FIG. 2 is a graph showing the optimum pH determination result of the recombinant xylanase CtXyn 10A.
FIG. 3 is a graph of the results of pH stability determination of recombinant xylanase CtXyn 10A.
FIG. 4 is a graph of the optimum temperature measurement result of the recombinant xylanase CtXyn 10A.
FIG. 5 is a graph of the results of measuring the thermal stability of the recombinant xylanase CtXyn 10A.
Detailed Description
Description of the drawings:
the experimental procedures used in the following examples are all conventional procedures unless otherwise specified.
The molecular biological experiments, which are not specifically described in the following examples, were performed according to the methods listed in molecular cloning, a laboratory manual (third edition) J. SammBruker, or according to the kit and product instructions.
Materials, reagents and the like used in the following examples are commercially available unless otherwise specified.
Test materials and reagents:
1. the strain and the vector are Cladosporium tienshanense S L-14 used in the following examples, which is preserved in agricultural strain collection center of China agricultural science institute (No. 12 of south China street in Hakken region, Beijing, and agricultural strain collection center of China agricultural science institute, 100081), the preservation number is ACCC32710, the strain can be purchased from the center by the public, and the Pichia pastoris expression vector pPIC9 and the strain GS115 are purchased from Invitrogen company.
2. Enzymes and other biochemical reagents: the endonuclease was purchased from TaKaRa, and the ligase was purchased from Invitrogen.

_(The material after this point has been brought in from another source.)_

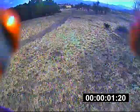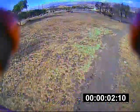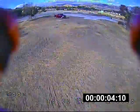Next up, we tried the HQ prop 5040 4-bladed prop. This pass was such a high outlier for this prop that we threw it out.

Zelkova was purchased from Sigma, and others were made by the national laboratory Co., Ltd.
3. Culture medium:
(1) the culture medium Cladosporium tianshanense S L-14 is potato juice culture medium containing 1000m L of potato juice, 10g of glucose, 25g of agar and pH5.0.
(2) Coli culture medium L B (1% peptone, 0.5% yeast extract, 1% NaCl, pH 7.0).
(3) BMGY medium: 1% yeast extract, 2% peptone, 1.34% YNB, 0.00004% Biotin, 1% glycerol (V/V).
(4) BMMY medium: the components were identical to BMGY, pH4.0, except that glycerol was replaced with 0.5% methanol (V/V).
Example 1 cloning of genomic DNA of neutral thermophilic xylanase CtXyn10A
Extracting Cladosporium mandshurica Cladosporium Tianshanense S L-14 genome DNA:
filtering mycelium cultured for 3 days by using sterile filter paper, putting the mycelium into a mortar, adding 2m L extracting solution, grinding for 5min, then putting the grinding solution into a 50m L centrifugal tube, cracking for 20min in a 65 ℃ water bath kettle, uniformly mixing every 10min, centrifuging for 5min at 4 ℃ at 10000rpm, taking supernatant, extracting in phenol/chloroform to remove impure proteins, taking supernatant, adding isopyknic isopropanol, standing for 5min at room temperature, centrifuging for 10min at 4 ℃ at 10000rpm, discarding supernatant, washing precipitate with 70% ethanol twice, vacuum drying, adding a proper amount of TE to dissolve, and standing at-20 ℃ for later use.
According to the sequence analysis of the Cladosporium tianshanense S L-14 genome frame diagram, a specific primer Ctxyn10A-F/Ctxyn10A-R is designed and synthesized:
Ctxyn10A-F:5'-ATGCGTTTCACTGAGGTCTTCACTGCTC-3';
Ctxyn10A-R:5'-TCACTTCTTGCCACCCTTGATGCCC-3';
PCR amplification is carried out by taking total DNA of Cladosporium tienshanense S L-14 as a template and Ctxyn10A-F/Ctxyn10A-R as a specific primer.
The PCR reaction parameters are as follows: denaturation at 94 deg.C for 5 min; then denaturation at 94 ℃ for 30sec, annealing at 60 ℃ for 30sec, elongation at 72 ℃ for 60sec, and heat preservation at 72 ℃ for 10min after 30 cycles.
The PCR reaction obtained a nucleic acid fragment of about 1200bp, which was recovered and ligated with pEASY-T3 vector and sent to Sanbo Biotechnology Ltd for sequencing.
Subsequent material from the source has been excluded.